AWARE-Uganda, as part of their vision in improving the lifestyle and standard of living, lobbied for funds that have enabled them to start a scheme that will assist the few women who have benefited from the project.
This slow spread does not seem to be a function of lack of demand, but of high costs, lack of credit, animal disease, and the scarcity of feed for drought, animals, problems in manufacturing of drought implements, limited availability of quality implements to farmers, and semi-desert poor weather and soil conditions.
In Uganda, animal traction has not spread much beyond the northern and eastern parts of the country because of the presence of the tsetse fly, cultural constraints, and historical reasons.
Life is easier for women with oxen-drawn ploughs
AWARE-Uganda has formed twenty women's groups; in Kamara, Biafra, Komoreo, Kapedo Lolelie in Kaabong districts, they have already started using animal traction for ploughing and preparation of land, and this has made it easier to plant more hectares.
AWARE-Uganda provided training oxen and ploughs and it has made ploughing:
- Allowed larger areas to be opened up;
- Reduced women’s workloads by transferring some of their work to animals;
- Turned the soil well and deep; and
- Will increased production.
Evidence indicates that animal traction use can result in considerable time saved.
The study team collected data on the time spent per acre on weeding when using a hoe and when using an animal-drawn cultivator down the inter-row space.
There were large differences. For instance, for maize, when the weeding was done by hand, it took two to four weeks per acre, whereas with animal traction, it took only two to four days per acre. There were also enormous time savings with groundnuts, millet and other crops.
Obstacles Still in the Way
Nonetheless, the special constraints observed in the adoption of animal traction by women farmers in Karamoja and will need to be taken into consideration. These include:
- Cultural taboos.
Animals being used for ploughing are against the cultural laws, and therefore against their using oxen.
- Gender-based ownership issues.
It may be difficult for women to own oxen or donkeys, for cultural as well as financial reasons. Even if there are no explicit taboos against their use by women.
- Fear of oxen.
It was noted from a group of women in Kaabong that fear of oxen was something they needed to overcome. Such fear may simply be because of women’s lack of experience with such animals.

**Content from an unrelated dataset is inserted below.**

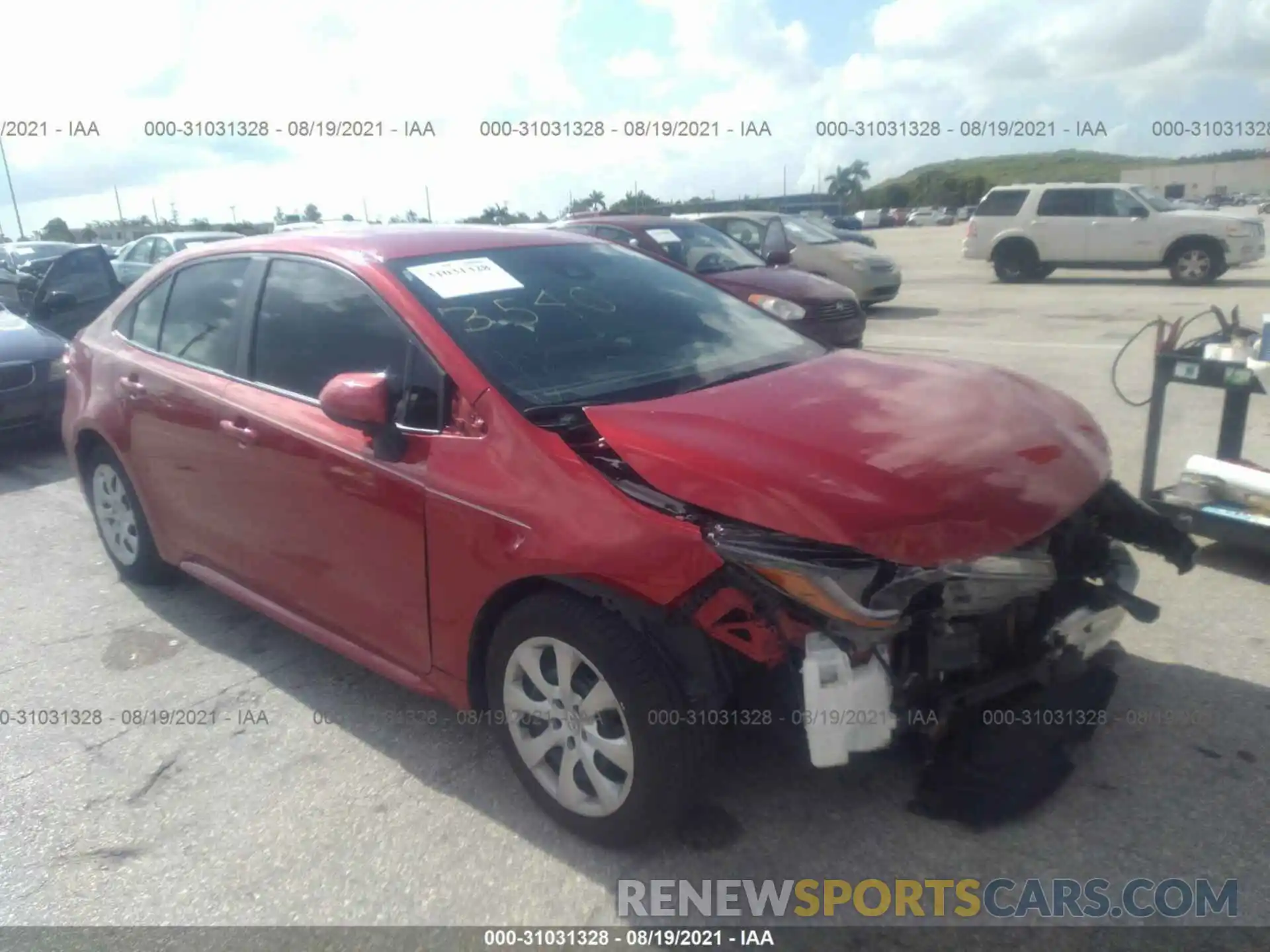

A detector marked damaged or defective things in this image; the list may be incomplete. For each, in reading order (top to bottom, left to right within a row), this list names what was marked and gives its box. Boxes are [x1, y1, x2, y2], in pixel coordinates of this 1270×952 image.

damaged red sedan [60, 227, 1196, 846]
cracked parking lot [2, 225, 1270, 936]
bent hood [704, 264, 863, 301]
bent hood [585, 354, 1111, 569]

- Lack of understanding or of operational skills.
Due to the high illiteracy rates, women would need patient and more practical skills in training, both for themselves and for the oxen.

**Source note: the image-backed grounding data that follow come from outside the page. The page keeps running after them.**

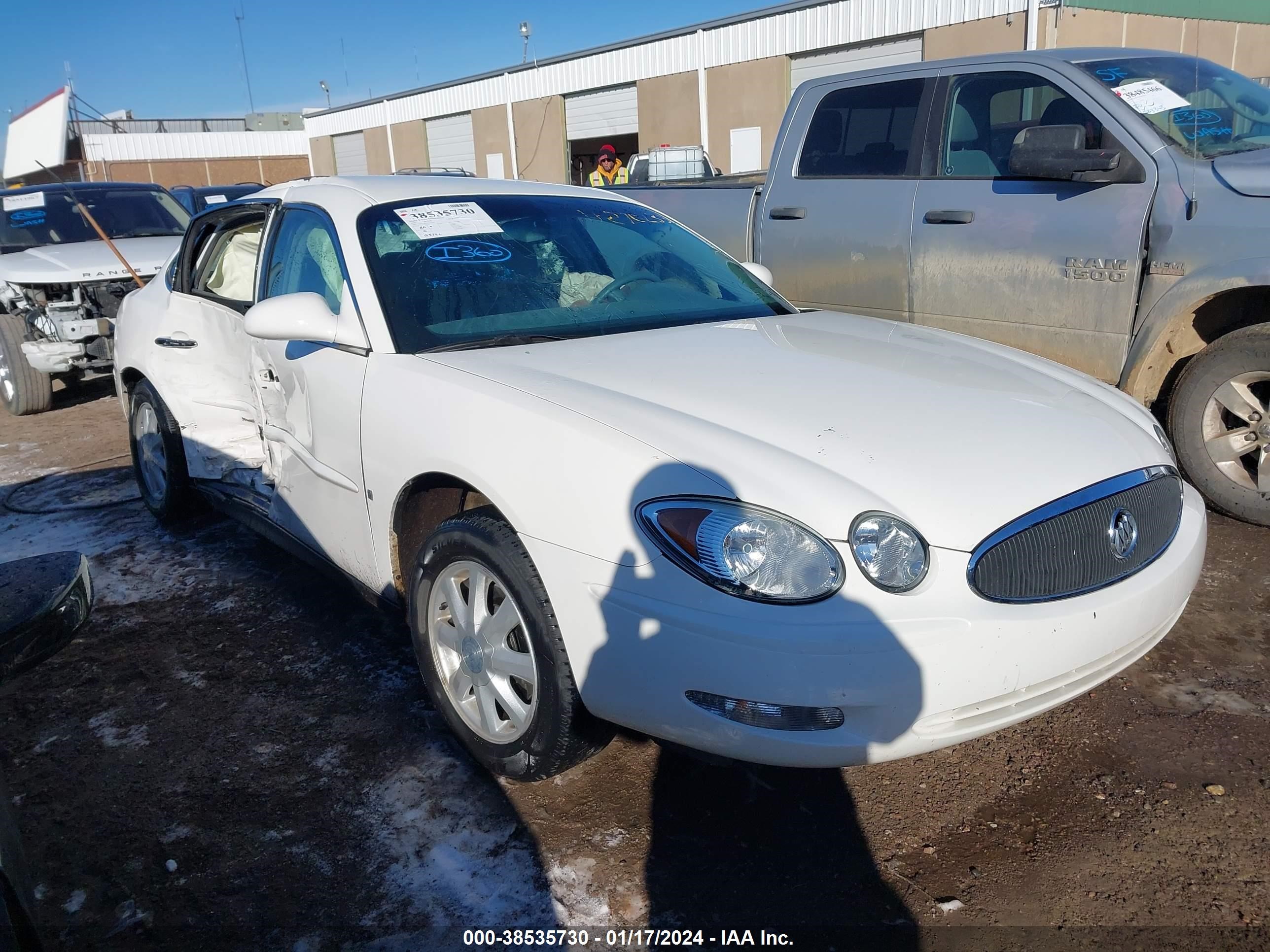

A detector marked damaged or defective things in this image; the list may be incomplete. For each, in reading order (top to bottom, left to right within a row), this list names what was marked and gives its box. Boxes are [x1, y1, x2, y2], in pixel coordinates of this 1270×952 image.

damaged white car [0, 182, 186, 413]
damaged rear door [153, 202, 275, 485]
damaged rear door [251, 204, 376, 589]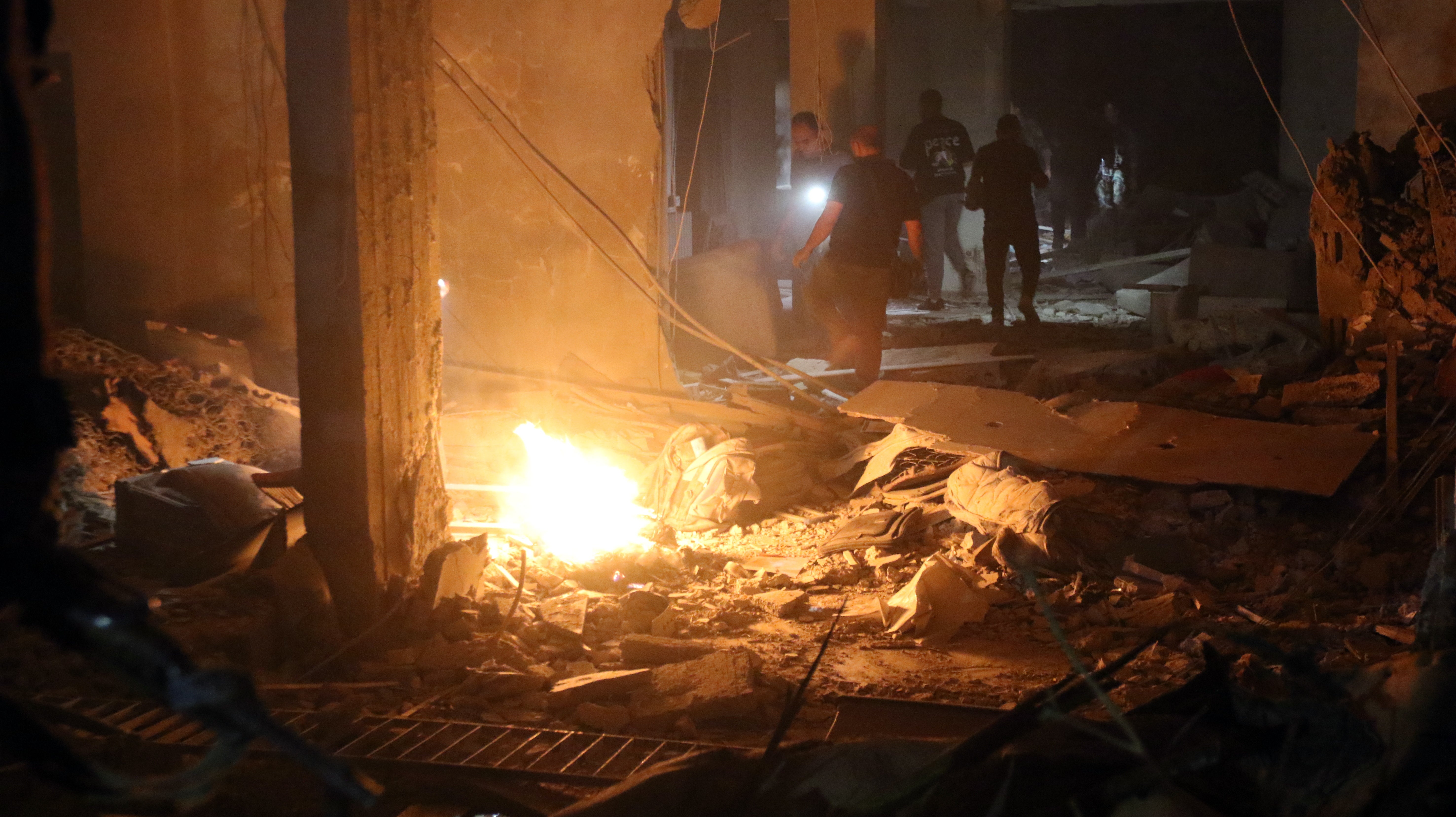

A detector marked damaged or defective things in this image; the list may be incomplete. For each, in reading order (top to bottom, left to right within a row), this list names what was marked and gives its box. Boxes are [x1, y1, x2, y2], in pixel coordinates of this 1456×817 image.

damaged concrete wall [1351, 0, 1456, 148]
damaged concrete wall [50, 0, 297, 396]
damaged concrete wall [431, 0, 681, 390]
broken concrete chunk [1281, 373, 1380, 408]
broken concrete chunk [539, 591, 588, 638]
broken concrete chunk [751, 588, 809, 614]
broken concrete chunk [617, 632, 719, 664]
broken concrete chunk [544, 670, 652, 708]
broken concrete chunk [573, 699, 632, 728]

Others would love to acquire and adapt though not unique to women farmers, high costs can pose more problems for women because of no access to credit.
As a woman and an agricultural engineer by profession, my heart falls for all women to have full access, direct or indirect, to animal traction as men do, or as much as they would like to have.
Animal traction has potential for increasing agricultural production and reducing women farmers’ workloads, and thus, their exhaustion.
But any attempts at promotion among groups of women farmers will need to take account of social feasibility and economic viability. The study suggests that in countries such as Zambia and Uganda, men would be supportive – although this may vary by location.
In general, animal traction for use by women is likely to be more socially acceptable in places where there is a high level of male out-migration, with a resulting weakening in restrictive taboos and gender-based division of labour.
I, Teddy Curran, will continue to be an engineer with Karamoja at heart.